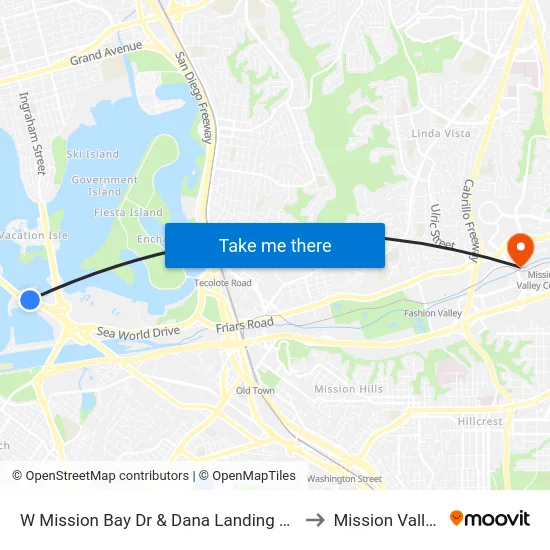 W Mission Bay Dr & Dana Landing Rd to Mission Valley map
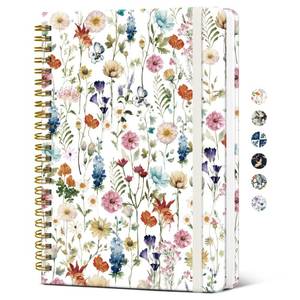 lot 8458 image: Taja Spiral Journal Notebook for Women, Pretty Hardcover Lined Notebook for Work & Note Taking, Aesthetic Cute Journal for Writing, 140 Pages, 5.8x8.3, Floral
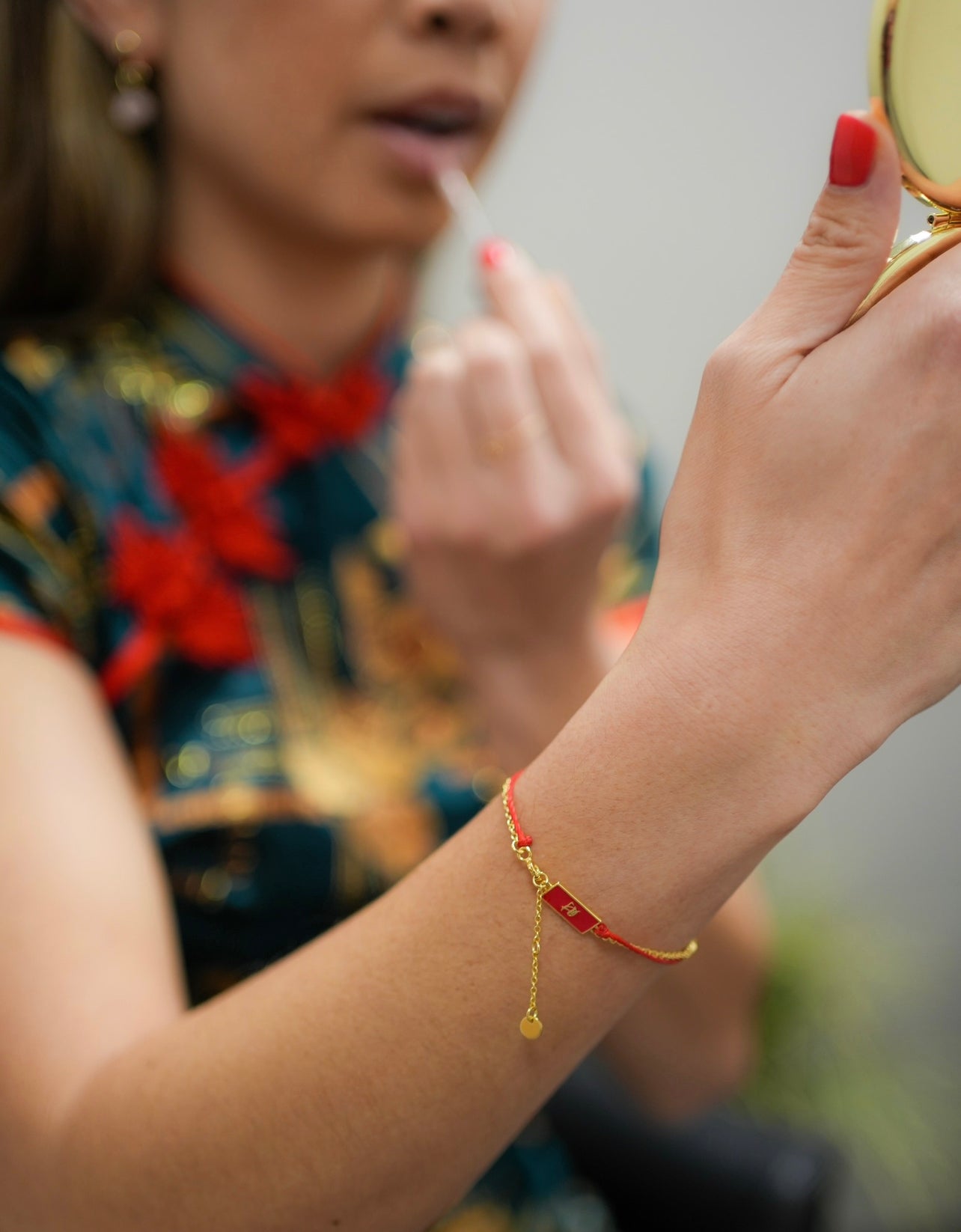 Gold Red String Good Luck Bracelet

- Work instructions -
Pictures are to be left out; otherwise, retype exactly the lines from the first line of the data through the line containing "lot 8458 image: Taja".

- Task response -
 W Mission Bay Dr & Dana Landing Rd to Mission Valley map
 lot 8458 image: Taja Spiral Journal Notebook for Women, Pretty Hardcover Lined Notebook for Work & Note Taking, Aesthetic Cute Journal for Writing, 140 Pages, 5.8x8.3, Floral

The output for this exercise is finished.